Biznes

"Bacówka" bez pomocy w lockdownie – powodem kontrowersyjny przepis

2021-01-20 15:00:00 red

Czy wszystkie restauracje dostały pomoc od rządu w czasie lockdownu? Odpowiedź jest prosta i brzmi - "nie". Najlepszym przykładem jest kaliska "Bacówka". Powodem jest kontrowersyjny zapis w przepisach o wiodącym PKD.

fot. MW
fot. MW

Czym jest PKD? To skrót od Polska Klasyfikacja Działalności, czyli klasyfikacja rodzajów działalności jaką prowadzi dany przedsiębiorca. Obowiązek posługiwania się kodami PKD dotyczy większości form działalności. Jeśli przedsiębiorca rejestruje firmę w CEIDG(Centralna Ewidencja i Informacja o Działalności Gospodarczej), podaje jeden kod główny – przeważająca działalność i kody działalności dodatkowej. Nie ma ograniczeń w liczbie kodów dodatkowych.

Po co nam ta informacja? Istotnym w opisie sytuacji kaliskiego przedsiębiorcy jest właśnie kod PKD, a konkretnie przeważający kod PKD.

Marek Owsiany w kwietniu 2015 roku przejął popularną w Kaliszu restaurację Bacówkę. Jako, że od początku i nadal prowadzi usługi księgowe, działalność restauracyjną dopisał jako kolejne PKD w swojej firmie - co jest oczywiście logiczne. Łącznie zatrudnia 21 osób – 4 w biurze księgowym i 17 w restauracji. Gdy nadszedł koronawirus gospodarka stanęła. Restauracje to były zamykane to otwierane, jednak od dłuższego czasu mogą działać wyłącznie na wynos. Spadki dochodów są wyraźne i widoczne.

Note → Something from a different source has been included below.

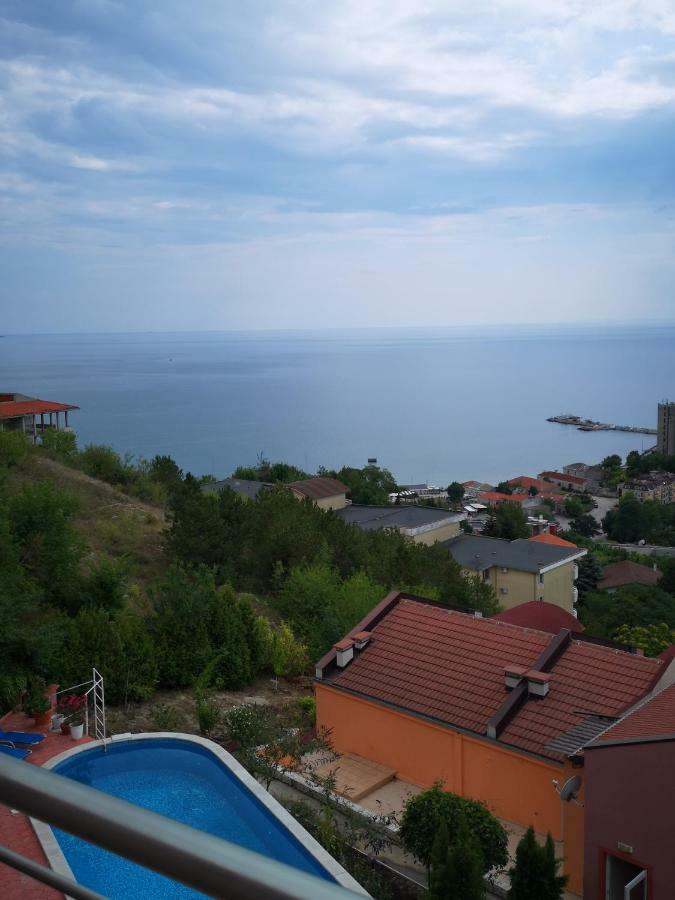 Apartamento Complex Karia III Kavarna Exterior foto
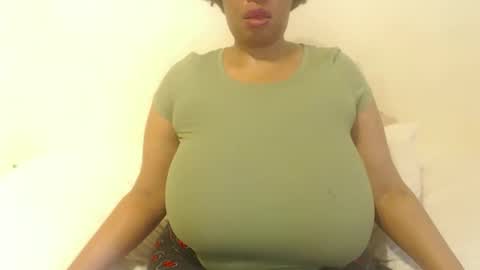 Snapshot of boobyqueen24 chatting on September 20, 2:40 pm boobyqueen online show from September 20, 2:40 pm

Dlatego właściciele Bacówki, aby dalej prowadzić biznes i utrzymać 17 pracowników starali się o przyznanie funduszy z „tarczy antykryzysowej”. W odpowiedzi z PUP otrzymali pismo, w którym dowiedzieli się, że nie przysługuje im pomoc, bo mają złe dominujące PKD.

Logika działania urzędników jest bardzo prosta – nie ma czegoś w systemie to pomoc się nie należy. Jednak spójrzmy na tę sytuację realnie – restauracja zatrudnia ponad 4 razy więcej pracowników i generuje o wiele większe zyski (w normalnym stanie) niż biuro księgowe. Wyraźny błąd ustawodawcy sprawił, że mimo realnego zamknięcia z decyzji rządu dobrze funkcjonującej restauracji ta nie otrzyma z tego tytułu żadnej pomocy.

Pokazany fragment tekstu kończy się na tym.